Recently, I was auditing a sales page for a parent educator, who’s launching an e-course. She has a ton of expertise—she helps highly sensitive children (and parents) regulate their nervous system so they can manage meltdowns and intense emotions in a calm, respectful way. Her headline went something like this, “Teach Your Child to Regulate their Nervous System in 5 weeks”. Not exactly, but it was something to that effect.
As I was reviewing her sales page, I said, is this how your ideal clients are speaking? For instance, if she’s confiding in a friend and crying over tea about how she’s having a hard time with her sensitive four-year-old’s uncontrollable outbursts, would she say, “if only I could regulate her nervous system all will be well.”
It’s not entirely impossible, but it’s unlikely that she’s using that language to describe her frustration and the problem she’s facing.
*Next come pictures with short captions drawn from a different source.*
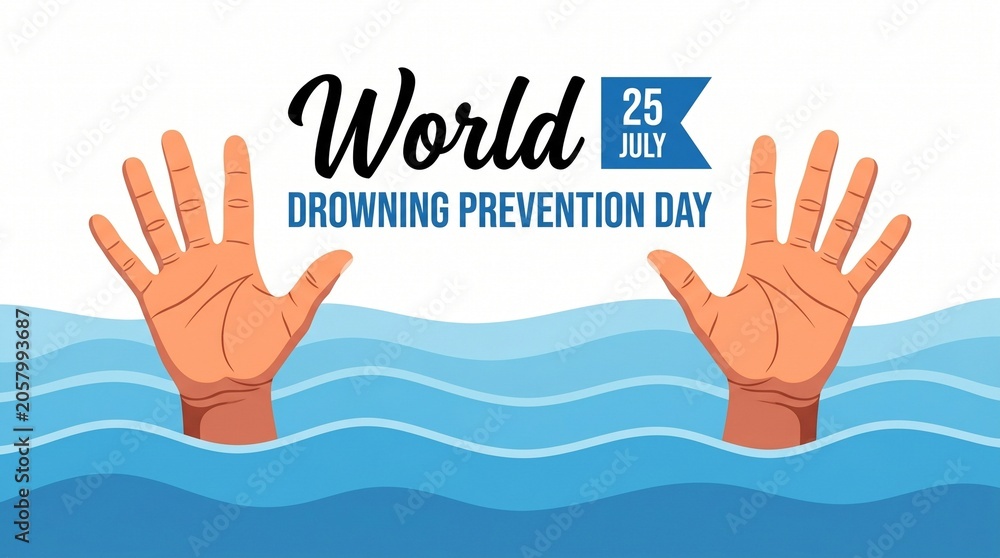 Fototapeta premium World Drowning Prevention Day banner, 25 July awareness poster, hands reaching out of blue water waves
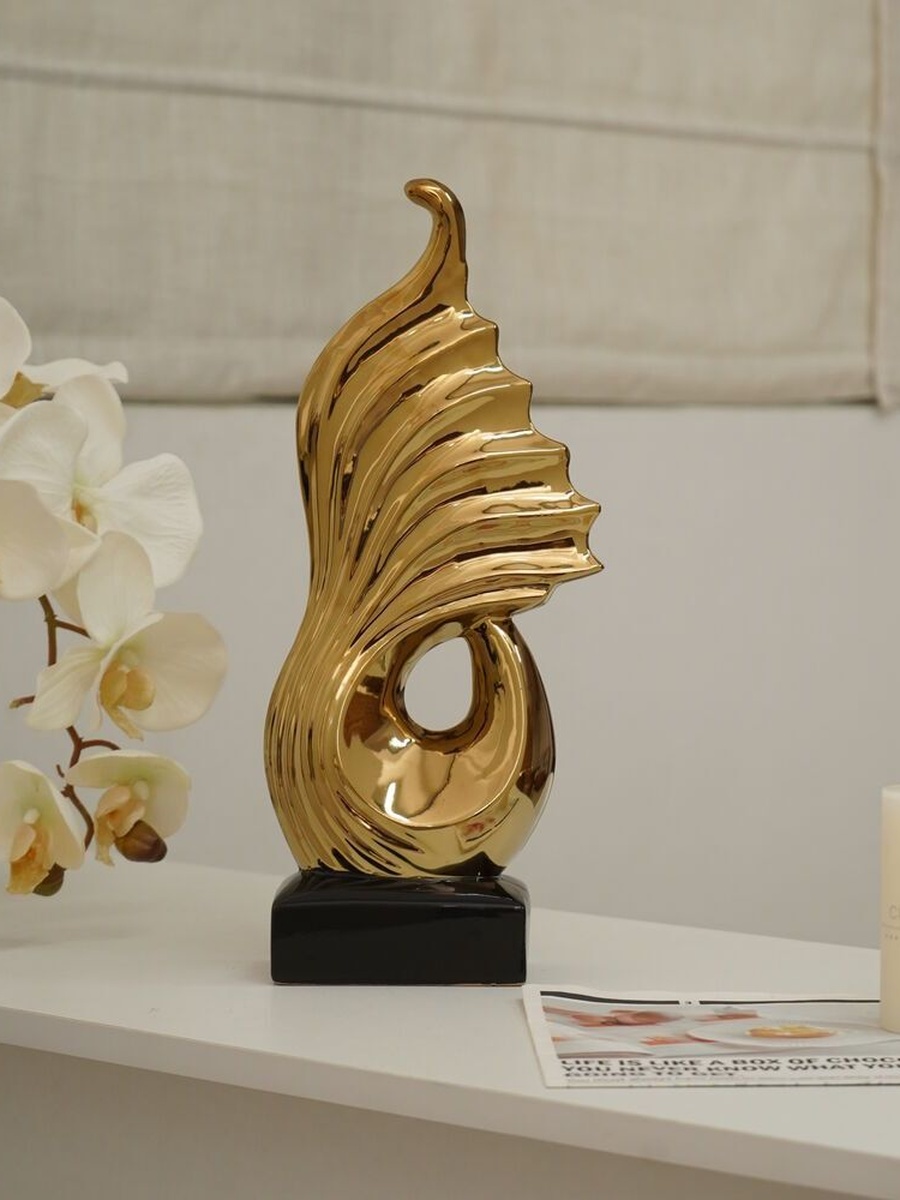 Liana Abstract Gold 15.3x7.8x36.5cm, Stoneware, Decorative Figurine For Tabletop Shelf Console And Home Styling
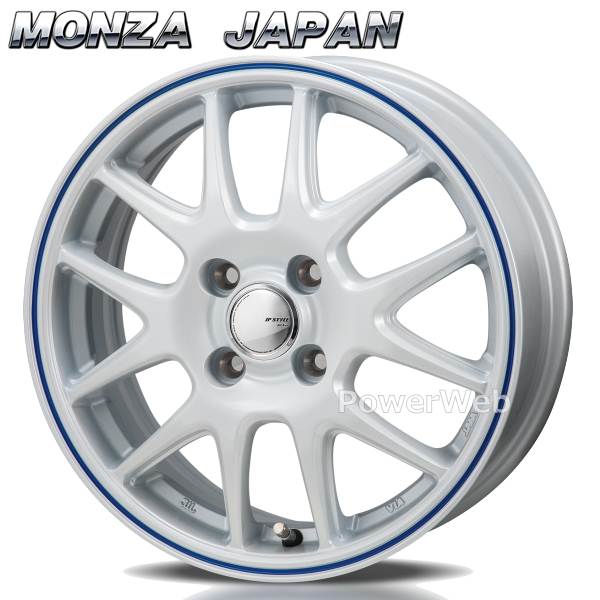 [ホイールのみ単品4本セット] MONZA JAPAN JP STYLE JEFA 15インチ&times;5.5J PCD：100 穴数：4 インセット：43 パールホワイト/ブルーライン｜パワーウェブ２号店 38,999円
The problem is that Colleen is educated in this area, and as a nurse with over 20 years experience, understandably it’s easy to forget that your ideal clients aren’t using the same language (and more often than not, don’t have that language at all).
So how might her clients be describing their problem? What language might they be using? Of course, the best way to find out is to speak to your ideal clients, but since I’m someone who was already in the market for a course like hers, I came up with a few ideas that she could implement in her copy right away.
When I think about my own highly-sensitive 4-year-old expressing BIG emotions and acting aggressively towards her younger brother, I’d probably confide in a friend like this, “I hate that I yell when she acts out, it doesn’t work and timeouts don’t either. I feel like my reaction makes things worse for both of us and I worry that it will damage her self-esteem. I want to teach her how to manage her big emotions in a healthy way but it’s hard when I’m triggered myself.”
That’s the kind of language you need to be using when it comes to writing engaging heart-centred copy.
Here’s an exercise
Scan a piece of copy that you’ve written. It can be your home page, sales page or services page. Then ask yourself, is this how my ideal clients are speaking? If they’re speaking to their spouse and they’re frustrated about a problem they’re having, is this how they’re going to explain their problem? If they’re talking to their best friend over chips and salsa, is that how they’ll complain about the issue they want to solve?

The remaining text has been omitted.